Both happening at once is what the layer split inside the history actually predicts. Theo Valmis's "producing vs deciding" cut below names half of it. The half worth adding: there is a third layer the history of AI has not automated either, which is auditing whether the decision was right after the fact. Producing automated, mostly. Deciding partly automated, mostly delegated. Auditing is still where consequence locality binds, and it is the part most agentic systems quietly skip because the demo only shows the produce-decide loop, not the layer that catches when the loop got it wrong.

That asymmetry is what makes the winter-or-transformation question read as both-at-once. The producing layer is transforming fast and cheaply. The deciding layer is moving but constrained by who actually pays when the decision is wrong. The auditing layer is mostly winter, because almost nobody is shipping verifier evaluations that test whether the verifier catches deliberate violations. Capability is scaling. Auditability is not, yet. The gap between "interactive capability" and the strong sense of autonomy the post carefully avoids claiming runs straight through that audit layer.

The line that stays with me on a second read: "it's powerful precisely because of how tightly that loop is engineered, not in spite of it." Same shape one floor up. Power lives in the loop discipline, and the missing discipline right now is the audit layer, not the agent layer.

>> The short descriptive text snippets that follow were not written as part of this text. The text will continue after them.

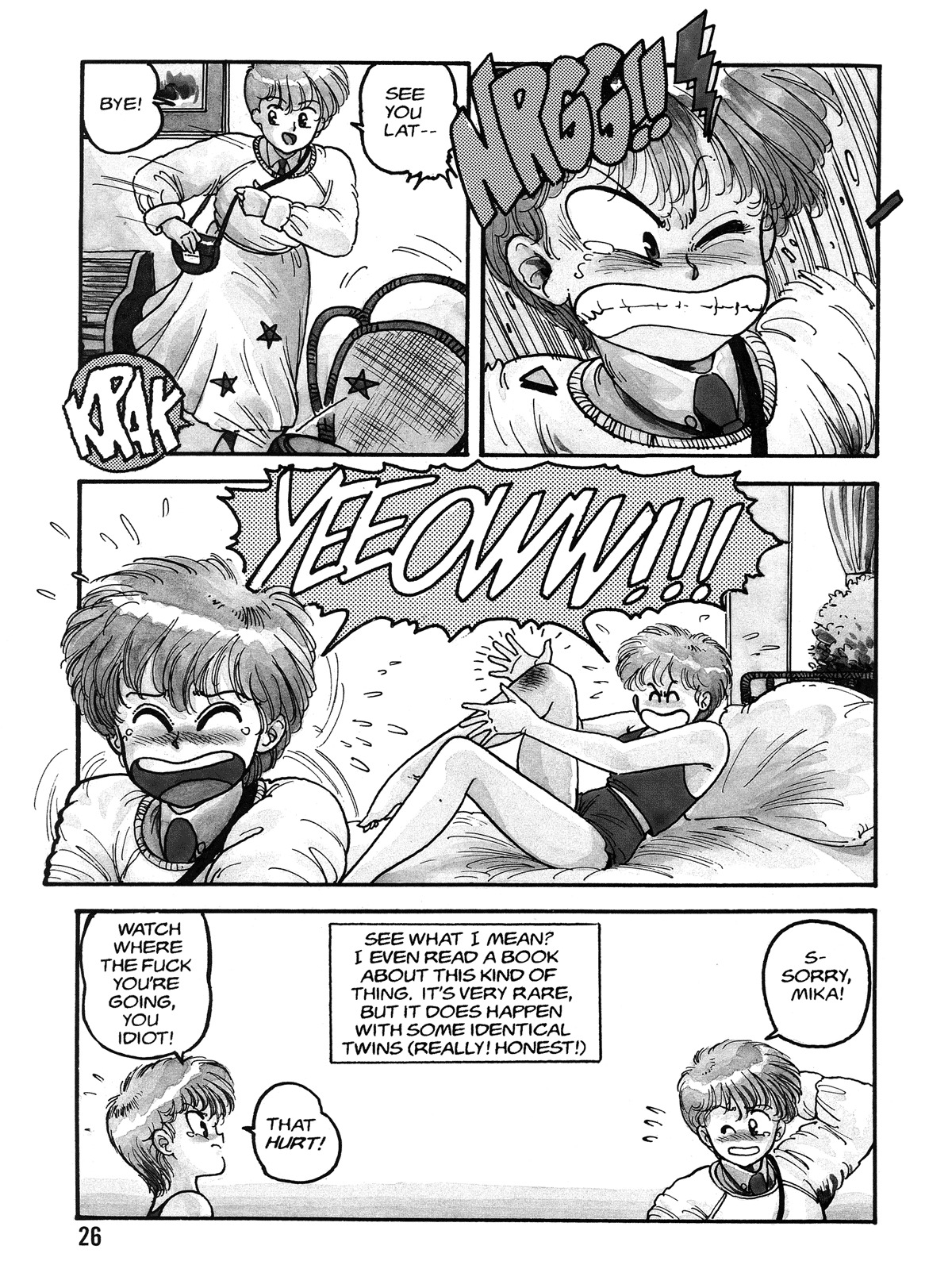 [Toshiki Yui] Hot Tails Volume #1 [English] page 24 full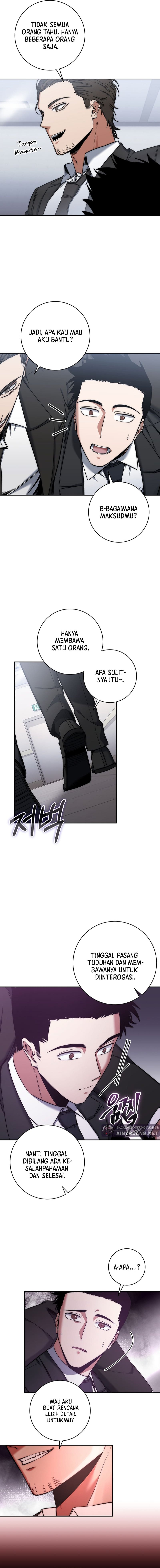 Return of the High-Ranking Civil Servant Chapter 25 Gambar 2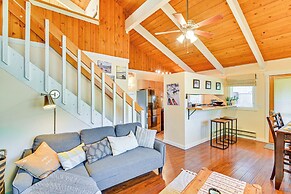 Big Sky Condo w/ Golf Course View, Steps to Town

Adam - The Developer ✨ • Jun 24

Fascinating perspective, Mike. The asymmetry between scaling capability and lagging "auditability" perfectly explains why it feels like we're in a winter and a golden age at the exact same time. The loop discipline is where the real engineering is.

Mike Czerwinski • Jun 24

"Loop discipline is where the real engineering is" is the line I want to keep. It compresses the whole capability-vs-auditability asymmetry into something a reader can actually carry. The piece I keep coming back to is that loop discipline is also the only part of the stack that does not get cheaper when the model gets better. Better models tighten the produce side. The loop still has to be engineered, planted-fault tested, and maintained by somebody who pays attention. Capability inflation leaves loop discipline exactly where it was.

Kushal Baral • Jun 22

I like how each stage gradually shifted more decision-making from people to machines. Now the bigger question isn't whether AI can do something, but what we should still be responsible for ourselves:)

Adam - The Developer ✨ • Jun 23

Agreed. Feels like we're slowly moving from capability questions to responsibility questions.

Mudassir Khan • Jun 25

the "moved but not disappeared" framing for the inference cost bottleneck is the part worth dwelling on. running a model in a loop 100x per task is now affordable — but the same cheapness that lets you ship the agent also lets you ship it before you ship the observability for it. RAG plus structured tool calls running 50 iterations used to cost enough to self select for teams who could justify the infra. now any team ships it, which means more teams find out on iteration 47 that something drifted.

at what point do orchestration frameworks bundle step level replay and drift detection by default, vs. every team building that bespoke?

Adam - The Developer ✨ • Jun 25

"Iteration 47 hits way too close to home. 💀 The fact that it’s now cheaper to run a loop 100x than it is to store and analyze the traces is the ultimate irony. Honestly, the first orchestration framework to bundle step-level replay by default is going to win a lot of developer hearts."